The trade deficit unexpectedly widened in November as American retailers stocked up on imported goods for the holidays and demand for foreign automobiles rebounded following superstorm Sandy.
The gap jumped 15.8 percent to $48.7 billion, exceeding all estimates in a Bloomberg survey of economists and the biggest since April, from $42.1 billion in October, Commerce Department figures showed today in Washington. Demand for consumer goods made overseas surged to a record.
Falling petroleum prices prevented the import bill from climbing even more in November and, combined with improvement in the labor market, are boosting household purchasing power. Strengthening global growth may also boost exports in coming months, helping American manufacturers such as Alcoa Inc.
“As we improve and the rest of the world improves, exports and imports are both going to go higher,” said Brian Jones, a senior U.S. economist at Societe Generale in New York, whose forecast of $45 billion was the highest in the Bloomberg survey. “You end up having deterioration in the accounts because I think imports will grow faster than exports.”
Stock-index futures were little changed as concern China will refrain from monetary easing offset Japan’s $116 billion plan to boost the economy. The contract on the Standard & Poor’s 500 Index expiring in March fell less than 0.1 percent to 1,467 at 8:49 a.m. in New York.

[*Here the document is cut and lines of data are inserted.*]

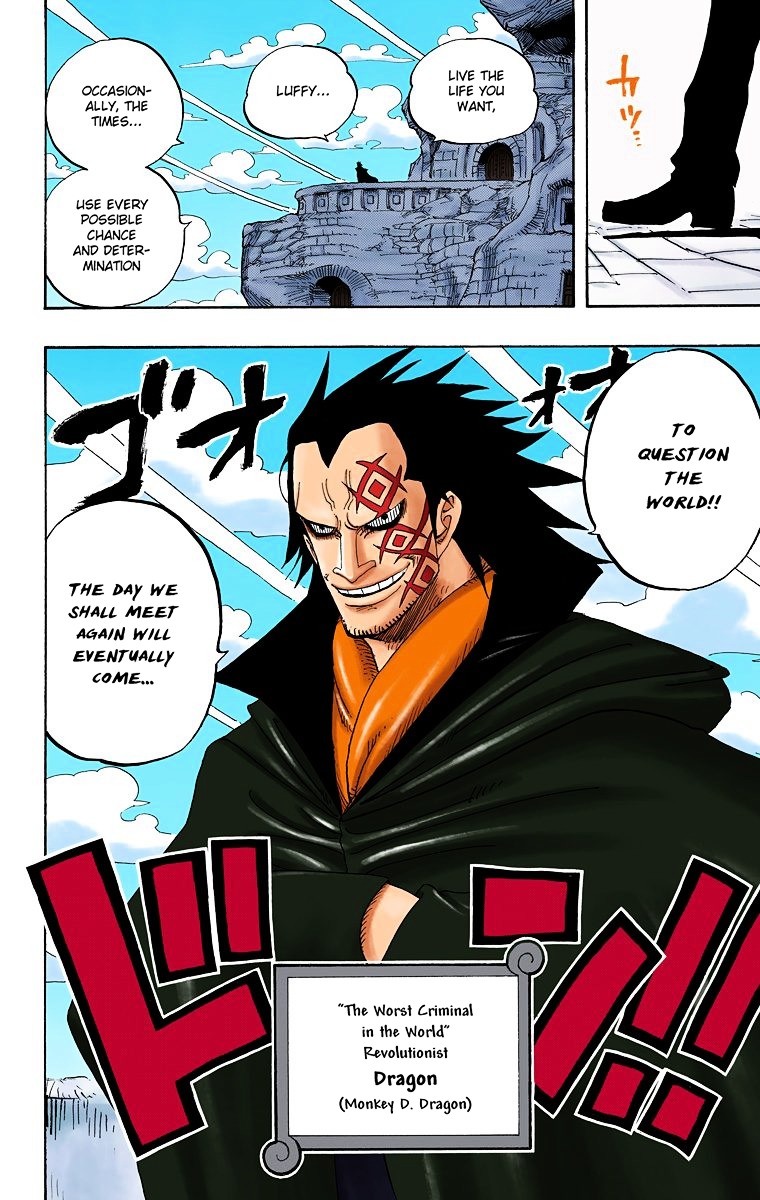 One Piece chapter 440 v2 - page 12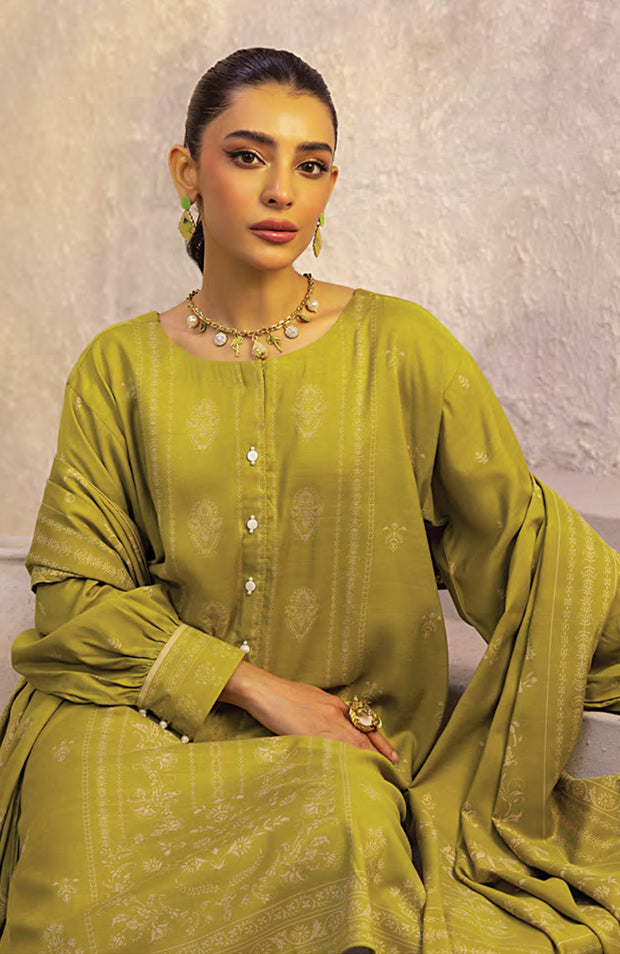 Lsm - Marina Collection'24 By Lakhany Printed Suits Unstitched 3 Piece - Summer Collection - aubranz.com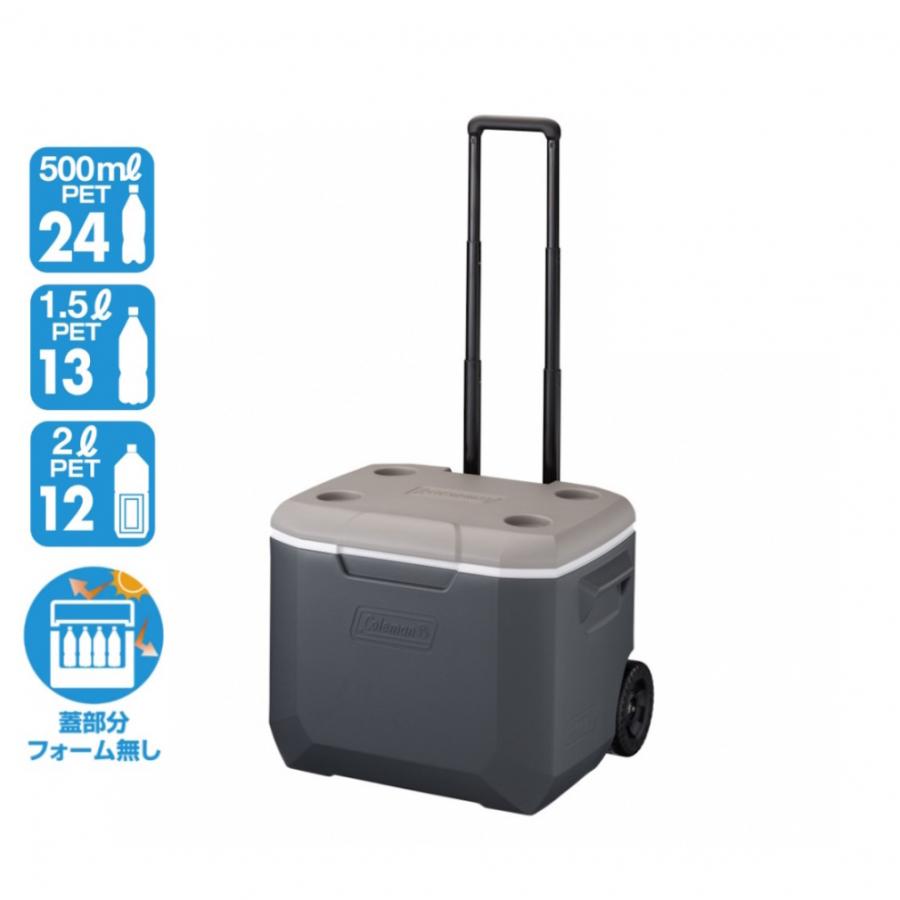 Coleman（コールマン） COOLER 60QT WHLD AP20 LIGHT GRAY JAPAN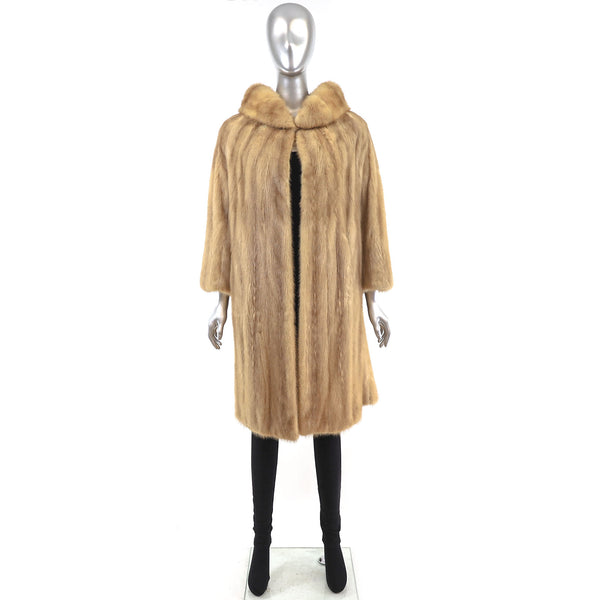 Autumn Haze Mink Coat- Size L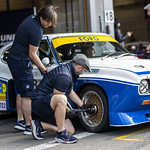 #3 ZAK BROWN / RICHARD DEAN (US/GB) FORD CAPRI RS 3100 / 1975 - HERITAGE TOURING CUP DURING THE 2023 SPA CLASSIC, CIRCUIT DE SPA-FRANCORCHAMPS, FRANCORCHAMPS (BEL), MAY 12-14/2023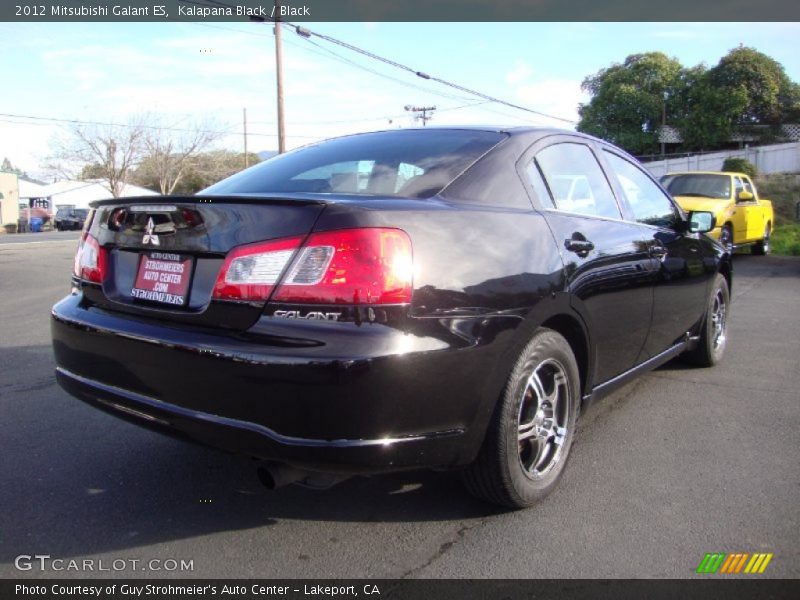 Kalapana Black / Black 2012 Mitsubishi Galant ES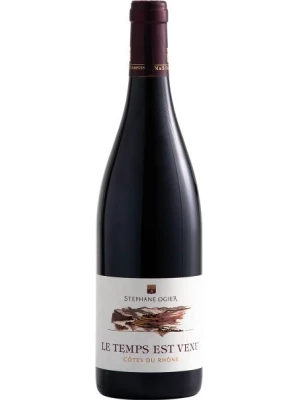Вино Domaine Michel et Stephane Ogier, Le Temps est Venu Cotes du Rhone AOC 2018, 0.75 л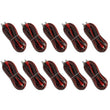 Load image into Gallery viewer, DS18 Level 1 RCA 17-Feet 10 x Pack - Main Product View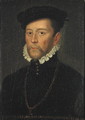 Francois de Scepeaux (1510-71) Seigneur de Vielleville - Francois Clouet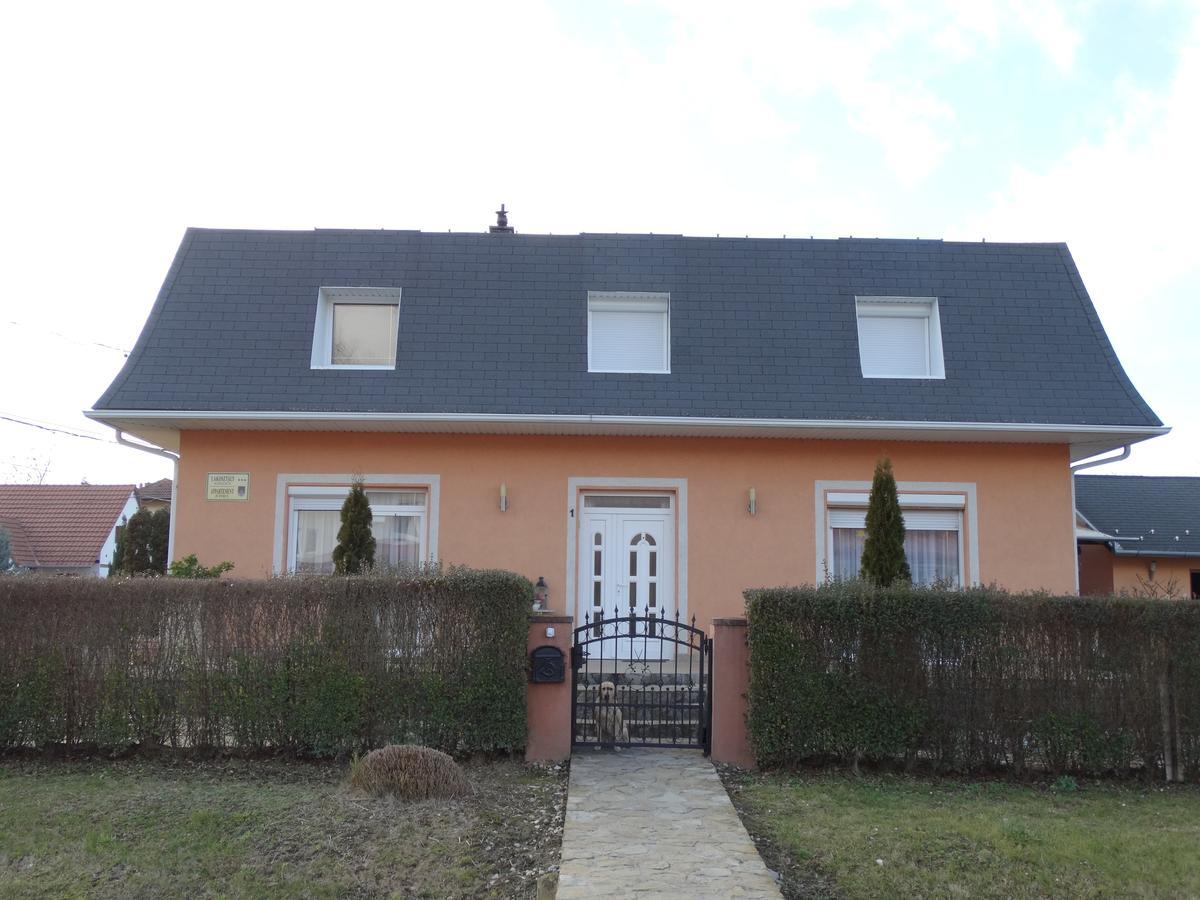 Herkules Apartman Zalakaros Exterior foto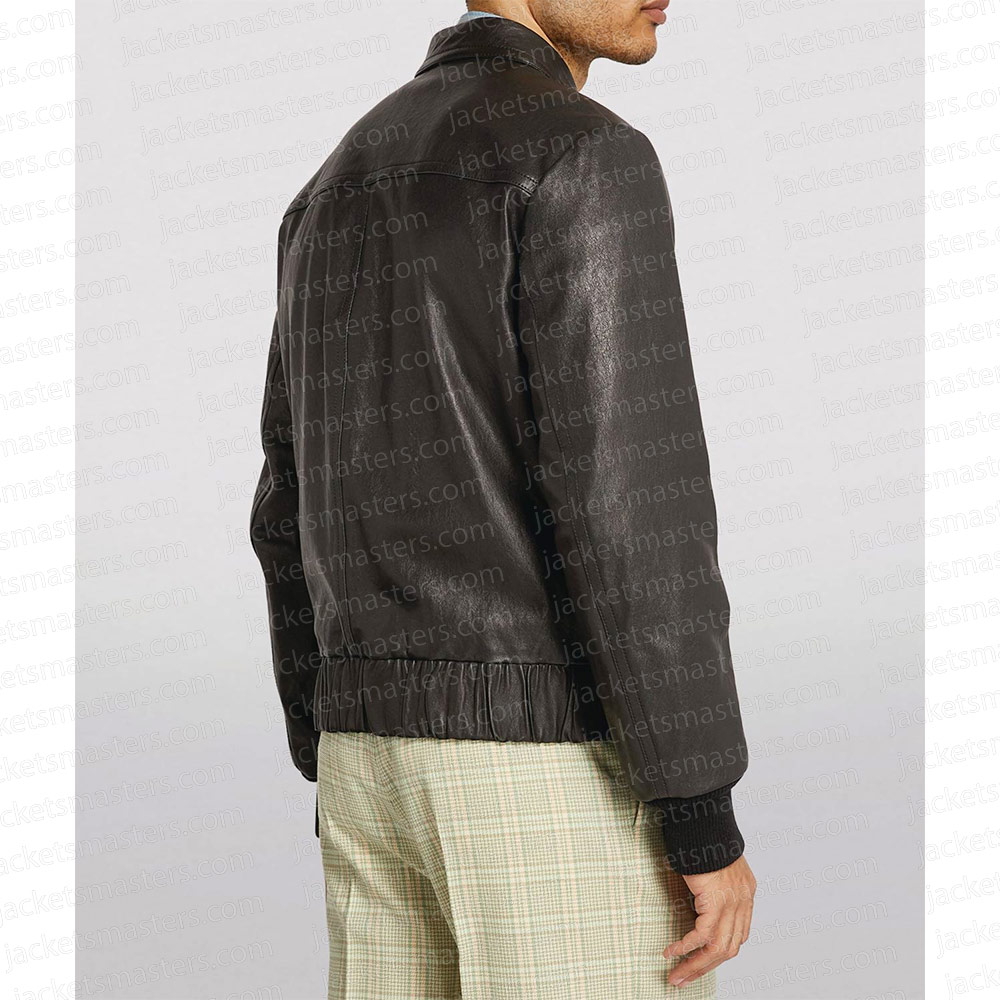 Law & Order Special Victims Unit Ice-T Leather Jacket - Image 4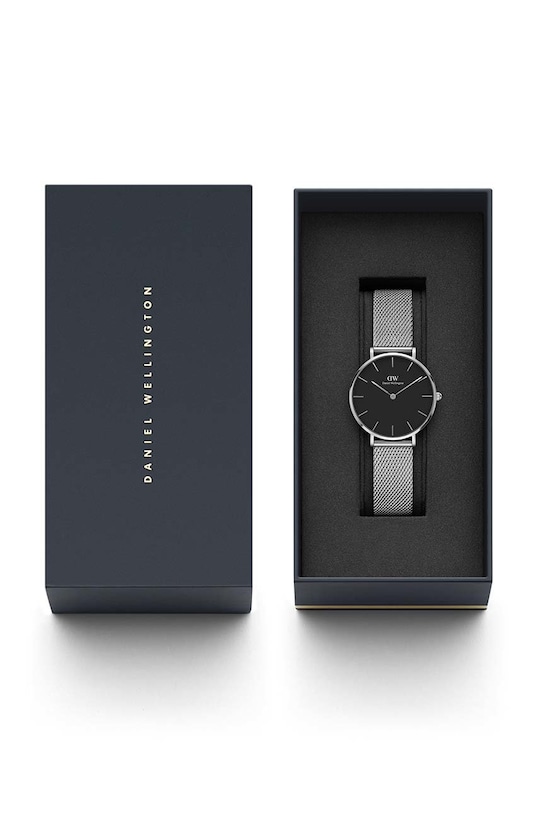 Daniel Wellington zegarek Petite 32 Sterling DW00100162 srebrny AA00
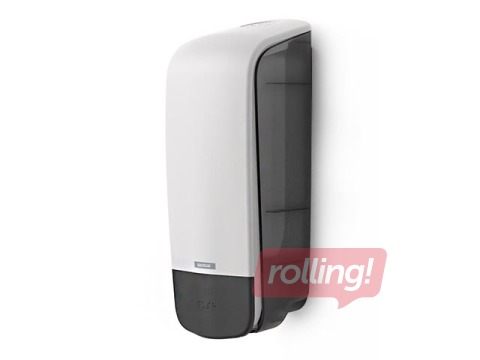 Soap dispenser Katrin Inclusive, white plastic, 1000 ml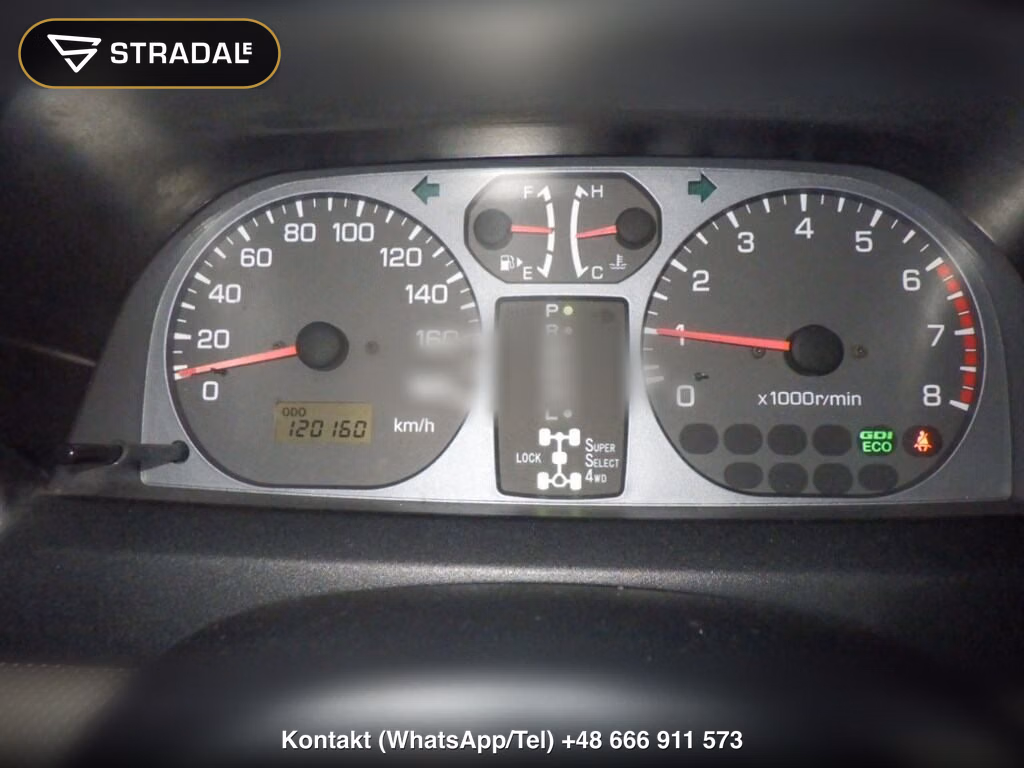 MITSUBISHI PAJERO IO 5D 4WD PEARL PACKAGE NAVI EDITION, miniaturka 7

The median forecast in a Bloomberg survey of 69 economists projected the deficit would narrow to $41.3 billion. Estimates ranged from gaps of $39.8 billion to $45 billion. October’s deficit was revised from an initially reported $42.2 billion.
Imports increased 3.8 percent to $231.3 billion, the most since April, from $222.9 billion in October. Purchases of foreign-made autos and parts climbed by $1.51 billion and demand for cellular telephones jumped by $1.81 billion, the report showed.
Exports increased 1 percent in November to $182.6 billion, the report showed. The gain was led by sales of automobiles and parts and telecommunications equipment.
After eliminating the influence of prices to produce the numbers used to calculate gross domestic product, the trade deficit widened to $51.9 billion from $46 billion.
The jump may mean that trade subtracted from growth last quarter. Nonetheless, the hit will probably be reduced as some of the imports go into inventory, which boosts GDP. In addition, purchases of foreign-made business equipment point to a pickup in capital investment in the U.S.
American manufacturers are selling more overseas. The Tempe, Arizona-based Institute for Supply Management said its factory export gauge rose in December to a seven-month high. Commerce Department data show exports slumped in October by the most in almost four years.
Companies such as Alcoa, the largest U.S. aluminum producer, are counting on higher demand from recovering economies led by China.
Alcoa is projecting aluminum prices will rise with “China rebounding, Europe kind of muddling through -- probably a little better than what most people thought -- and the U.S., hopefully avoiding to hit the debt ceiling and growing at the same pace that it has been growing last year,” Chief Executive Officer Klaus Kleinfeld said on a Jan. 8 earnings call.
The November trade data may have also been influenced by port disruptions. Superstorm Sandy made landfall Oct. 29, causing billions of dollars in damage along the East Coast and delaying freight traffic in the region. In addition, clerical workers at the ports of Los Angeles and Long Beach, the largest U.S. port complex, went on strike Nov. 27 for eight days, affecting about $1 billion of trade a day.
China’s exports jumped 14.1 percent from a year earlier, the most since May, a report showed yesterday. Together with a 19-month high in the pace of China’s manufacturing expansion reported Dec. 31, the figures are boosting optimism that a recovery in the world’s second-biggest economy is gaining traction after a seven-quarter slowdown.
A report from the Labor Department today showed prices of goods imported into the U.S. unexpectedly dropped 0.1 percent in December after falling 0.8 percent the prior month. Economists projected the gauge would rise 0.1 percent, according to the median estimate in a Bloomberg survey.
The cost of imported fuel decreased 0.1 percent in December from the prior month. Import prices minus fuel also declined 0.1 percent last month.
For all of 2012, import prices fell 1.5 percent, the first annual drop since they retreated 10.1 percent in 2008.